Orrie King, “Girls on Train,” Courtesy of Tillie’s.

I recently had the chance to see the David Smith retrospective at the Guggenheim and left feeling slightly dissatisfied. After my exit I spent a few hours trying to wrap my mind around the reasons why. I’ve always liked David Smith, and I've seen a good portion of the exhibition in other venues. I wondered what I was expecting, if this show wasn’t it. It seems my expectations for a quieter and more searching side of David Smith alone had created a standard that that the museum couldn’t recreate.

The same week, on a lark, I stopped in to see a show at Tillie’s, a popular gathering spot and art space in Fort Greene, Brooklyn, and was immediately reacquainted with the benefit of seeing art with a clean slate.

In the rear of the busy space, a series of ten documentary photographs by recent Pratt Institute graduate Orrie King hangs in quiet contrast to the energy of the café. Her small, colorful photographs depict scenes of daily life in India, carefully blurring the line between journalistic detachment and voyeuristic portraiture.

“Girls on Train” captures the gaze of a mother and two daughters riding in the boxcar of a train. Interestingly, the photograph is taken from inside the train, looking out beyond the sitters, past an open door, and into the landscape. Two of the figures’ eyes are fixed on the camera and a third looks away. The portrait comes across neither as sentimental or objective, but raises these possibilities before settling something in between.

Similarly, “On the Bus, Lanavla,” smacks for a moment of something out of National Geographic until the disarming stare of the young girl on the bus is met and the preoccupied greeters in the foreground are recognized.

From image to image, King keeps us guessing about the personal distance between the subject and the lens of her camera. At their most successful, the exoticized, anthropological tone that initially characterizes her photographs dissipates before a humanized individuality takes over.

Although the two bodies of work are meant to comprise parts of a single show, their physical separation within the space forces separate viewing experiences.

Laurie Sermos’s photo-based diptychs and triptychs separate themselves from King’s pieces conceptually as well as physically. In contrast to King’s humanized snap shots, Sermos depersonalizes her subjects by teasing a formal comparison out of what might otherwise be stock imagery.

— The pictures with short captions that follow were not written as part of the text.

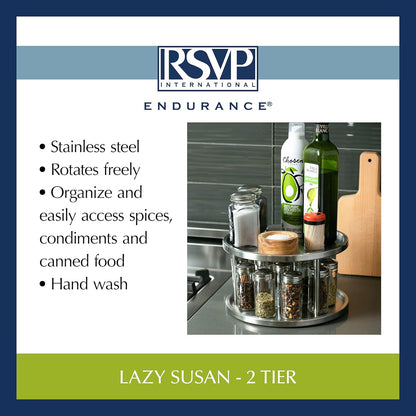 Endurance TURN-1 Turntable Lazy Susan, Stainless Steel, 10.5" | Handy in Cabinet, Refrigerator or on Counters | Organize Spices, Canned Foods, Pots, Pans, Dinnerware, 10.5 Inch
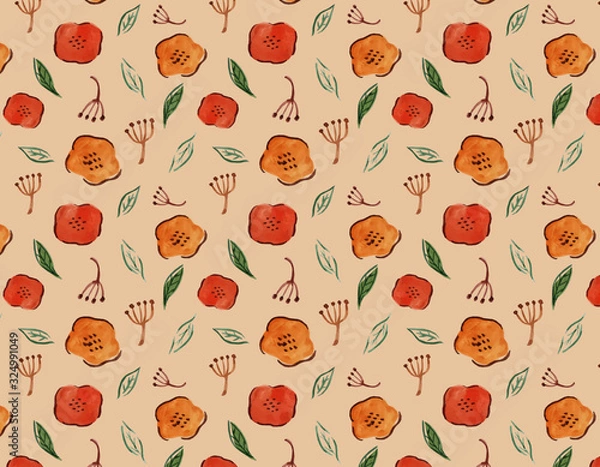 Obraz 手描き水彩イラスト　花のパターンスウォッチ素材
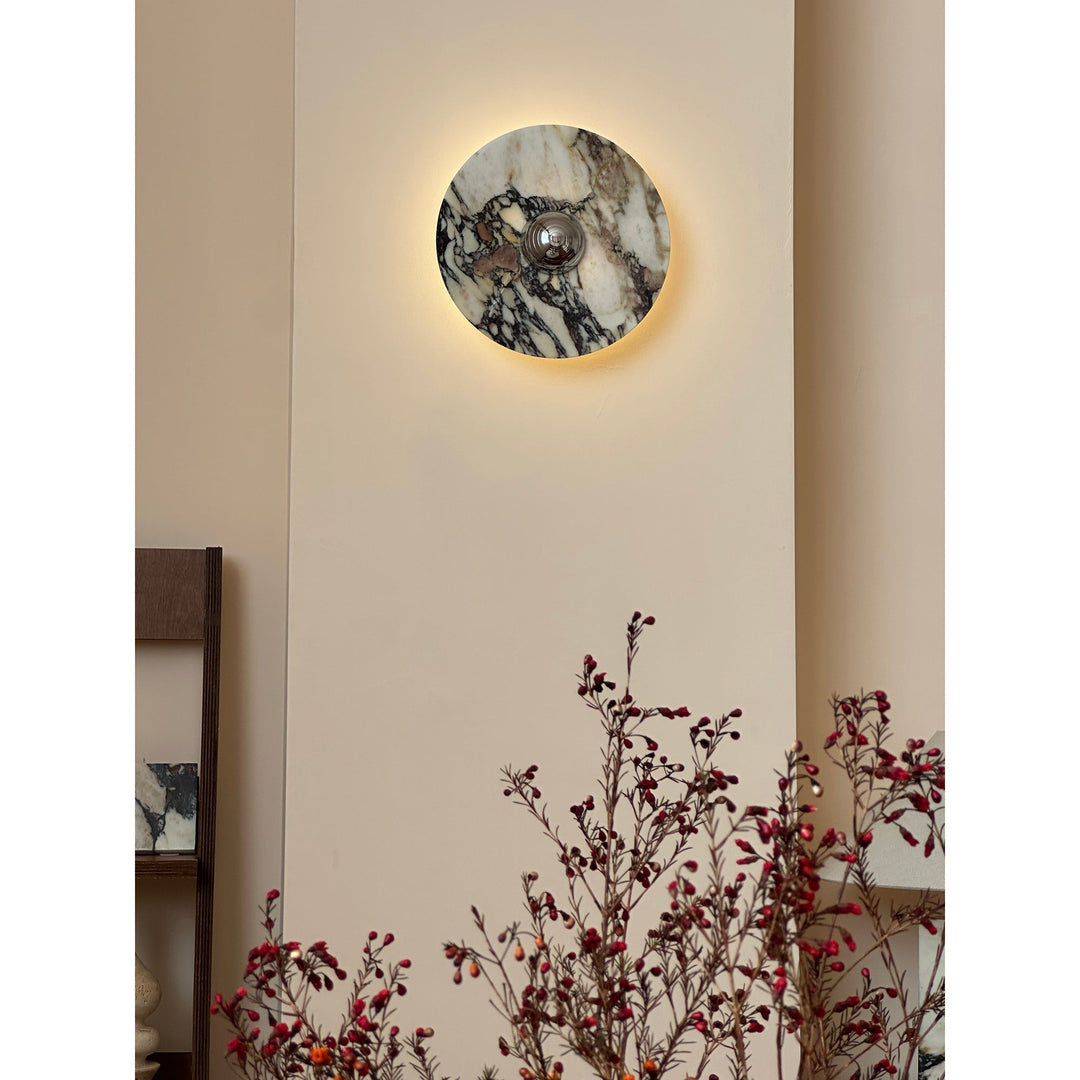 Alter Applique Murale Ronde en Marbre et Métal Style Minimaliste Moderne - Neutralighting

The pairing of her photographs invests them with an energy that is absent in the individual shots. “Untitled, Diptych" couples a vase of flowers with a view of the steel and glass ceiling from inside an airport. One-part sentimentality and one-part architectural documentation, the two mingle nervously and force a reconsideration of the subjects themselves. Another diptych poses an awkwardly cropped interior and a dense rain forest with similarly interesting results.

While it is difficult to actually see the two sets of photographs in this space as partners in a conversation, they pose an interesting comparison by contrast. King’s work can’t help but add personality and emotion to what at first reads as documentary, and Sermos does just the opposite by divesting her imagery of sentiment through calculated juxtaposition.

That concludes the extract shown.